La politique est une affaire de récit. Convaincre les électeurs suppose, dans nos démocraties, de déployer à la fois un lien direct avec eux, une capacité à s’emparer de leurs problèmes et une force de conviction.
C’est ce que faisait avec talent l’activiste Charlie Kirk, assassiné à 31 ans le 10 septembre sur un campus universitaire de l’Utah, alors qu’il donnait une conférence suivie par des centaines de jeunes. Et c’est ce que la droite radicale européenne réussit de plus en plus à faire, comme en témoigne la progression de ses résultats électoraux, ou de ses scores dans les sondages.
Vedettariat politique
Un élément toutefois diffère encore des deux côtés de l’Atlantique: l’aventure individuelle. Le vedettariat politique, hors du cénacle des personnalités élues. Le show-business du débat public, version jeune générations. Avec talent, et d’une façon entrepreneuriale typiquement américaine, Charlie Kirk incarnait cela avec son mouvement Turning Point USA. Il se voulait le porte-parole d’une lame de fond idéologique, destinée selon lui à bouleverser nos sociétés bien au-delà des institutions.

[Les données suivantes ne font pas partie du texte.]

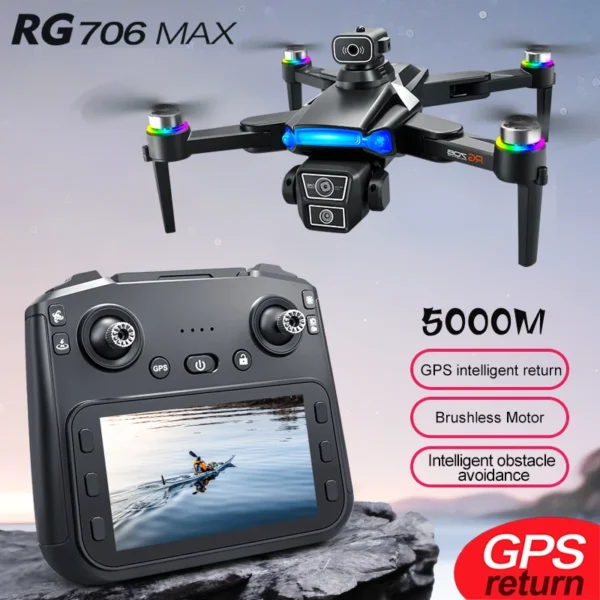 New RG706 MAX GPS Drone 8K Professional Camera Aerial FPV Brushless Avoiding Obstacle with Large Screen Control Folding Drones - Image 2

Charlie Kirk, pour faire bref, était un croisé des valeurs ultra-conservatrices. Il avait, sur son nom, réuni ce qui fait le succès d’une entreprise politique: des sponsors fortunés, une notoriété cultivée sur les réseaux sociaux, et une dimension polémique assurée de faire le «buzz».
Jeunesse populaire
La droite nationale populiste européenne, rétrospectivement, ne peut que s’inspirer de cet exemple. D’autant que tous les sondages prouvent l’augmentation de sa part de marché politique au sein d’une jeunesse pas seulement populaire, inquiète, désireuse de retrouver des valeurs et, pour une part, pressée d’en découdre avec la gauche.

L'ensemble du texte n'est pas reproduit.